The video is 1.85:1 anamorphic for No, The Case Is Happily Resolved, Savage Three and Highway Racers. The video on Colt 38 Special Squad and Like Rabid Dogs is 2.35:1 anamorphic. All the transfers are rather top notch for films from the ’70s. You’ll get to see a lot of Italy before the criminals mess them up with bullets. The audio is DTS-HD MA mono in Italian. The levels are fine for the intense soundtrack music. There are English dub tracks for Highway Racer and Colt 38 Special Squad. All the movies are subtitled in English.
Poliziotteschi: Violence and Justice In the Years of Lead (20:17) is a visual essay by critic Will Webb about the genre. He speaks of the familiar themes and plot elements in the movies. He points out the familiar faces in front of the cameras and the filmmakers behind the camera. He speaks of the times that influenced the genre.
Rat Eat Rat (40:49) interviews Vittorio Salerno and actress Martine Brochard about Savage Three. Salerno takes about how nine directors and writers teamed up to form their own cooperative to make low budget films. Savage Three came out of this relationship.
The Savage One (40:56) sits down with Joe Dallesandro to talk about Savage Three. He talks about his first encounter with Andy Warhol and his “directing technique.” Paul Morrisey was doing the heavy work. This lead to Joe’s big break in underground filmmaking. He went to the set thinking Warhol somehow made soup and not merely painting them. This lead to him going to Europe and getting gigs in Italian cinema.
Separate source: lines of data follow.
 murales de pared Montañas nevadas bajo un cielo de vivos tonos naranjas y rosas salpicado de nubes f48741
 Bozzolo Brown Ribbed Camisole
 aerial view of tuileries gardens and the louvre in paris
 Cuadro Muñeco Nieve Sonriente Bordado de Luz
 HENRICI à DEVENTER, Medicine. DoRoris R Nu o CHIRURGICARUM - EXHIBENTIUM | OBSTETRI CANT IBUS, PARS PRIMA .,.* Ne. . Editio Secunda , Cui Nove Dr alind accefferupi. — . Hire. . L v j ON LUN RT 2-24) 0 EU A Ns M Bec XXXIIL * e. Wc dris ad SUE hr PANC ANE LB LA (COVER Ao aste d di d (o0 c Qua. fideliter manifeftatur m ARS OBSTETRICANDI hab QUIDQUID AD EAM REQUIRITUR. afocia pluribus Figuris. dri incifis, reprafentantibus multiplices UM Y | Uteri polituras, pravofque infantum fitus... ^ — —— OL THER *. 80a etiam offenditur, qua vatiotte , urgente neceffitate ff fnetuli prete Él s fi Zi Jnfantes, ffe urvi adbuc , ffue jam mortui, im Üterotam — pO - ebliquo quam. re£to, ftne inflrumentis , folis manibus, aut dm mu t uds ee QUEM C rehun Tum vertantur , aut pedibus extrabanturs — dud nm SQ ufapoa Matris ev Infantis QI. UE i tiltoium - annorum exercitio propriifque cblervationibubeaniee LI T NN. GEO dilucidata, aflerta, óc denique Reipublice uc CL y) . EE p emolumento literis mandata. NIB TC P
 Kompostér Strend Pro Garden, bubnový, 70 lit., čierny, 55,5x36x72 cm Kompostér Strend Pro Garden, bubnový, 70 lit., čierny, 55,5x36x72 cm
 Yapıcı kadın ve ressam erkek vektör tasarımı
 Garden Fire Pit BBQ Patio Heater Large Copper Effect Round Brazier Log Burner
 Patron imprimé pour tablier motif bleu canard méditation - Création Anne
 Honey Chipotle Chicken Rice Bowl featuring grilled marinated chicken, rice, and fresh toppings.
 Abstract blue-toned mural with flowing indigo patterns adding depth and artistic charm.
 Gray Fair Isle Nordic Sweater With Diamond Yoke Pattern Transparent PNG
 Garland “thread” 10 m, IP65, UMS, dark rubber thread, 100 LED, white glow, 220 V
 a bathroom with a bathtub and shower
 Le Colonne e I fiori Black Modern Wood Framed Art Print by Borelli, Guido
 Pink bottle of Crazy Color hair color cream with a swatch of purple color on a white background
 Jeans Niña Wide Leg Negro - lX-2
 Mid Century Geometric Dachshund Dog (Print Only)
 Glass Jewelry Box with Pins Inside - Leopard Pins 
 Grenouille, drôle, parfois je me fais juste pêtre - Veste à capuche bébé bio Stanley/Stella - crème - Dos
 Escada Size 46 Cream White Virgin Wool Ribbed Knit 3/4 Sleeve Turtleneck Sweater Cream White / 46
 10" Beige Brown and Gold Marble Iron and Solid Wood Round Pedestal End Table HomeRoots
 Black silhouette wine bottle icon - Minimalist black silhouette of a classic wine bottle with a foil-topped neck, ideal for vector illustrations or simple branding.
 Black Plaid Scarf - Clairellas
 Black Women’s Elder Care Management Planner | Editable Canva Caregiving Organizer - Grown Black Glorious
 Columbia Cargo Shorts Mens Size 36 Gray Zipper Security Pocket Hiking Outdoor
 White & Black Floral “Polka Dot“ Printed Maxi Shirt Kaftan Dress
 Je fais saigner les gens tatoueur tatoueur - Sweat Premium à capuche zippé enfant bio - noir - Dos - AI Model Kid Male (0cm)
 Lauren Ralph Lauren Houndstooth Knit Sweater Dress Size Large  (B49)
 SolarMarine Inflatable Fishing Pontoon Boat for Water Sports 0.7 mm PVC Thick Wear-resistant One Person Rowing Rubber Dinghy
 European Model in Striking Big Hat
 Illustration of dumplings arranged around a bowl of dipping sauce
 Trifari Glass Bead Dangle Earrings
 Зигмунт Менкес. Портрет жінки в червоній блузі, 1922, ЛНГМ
When A Murderer Dies (51:57) meets with cinematographer Romano Albani and historian Fabio Melelli on Like Rabid Dogs. There’s a talk about how this film wasn’t give a great video release until recently in Europe. Albani got into cinematography because his father was an electrician at a film studio. His visits to the set let him see the cinematographer was like a God. He landed his first gig in commercials when the janitor came up with a scheme to oversell his role at the studio.
It’s Not a Time For Tears (32:55) meets with assistant director Claudio Bernabei on Like Rabid Dogs. He got his first movie job working for director Mario Imperoli. He describes how great Imperoli was with everyone. He talks about how the film was influenced by a real murder case and Stanley Kubrick’s A Clockwork Orange.
Like Rabid Dogs music sampler (6:01) are two tracks from the original soundtrack.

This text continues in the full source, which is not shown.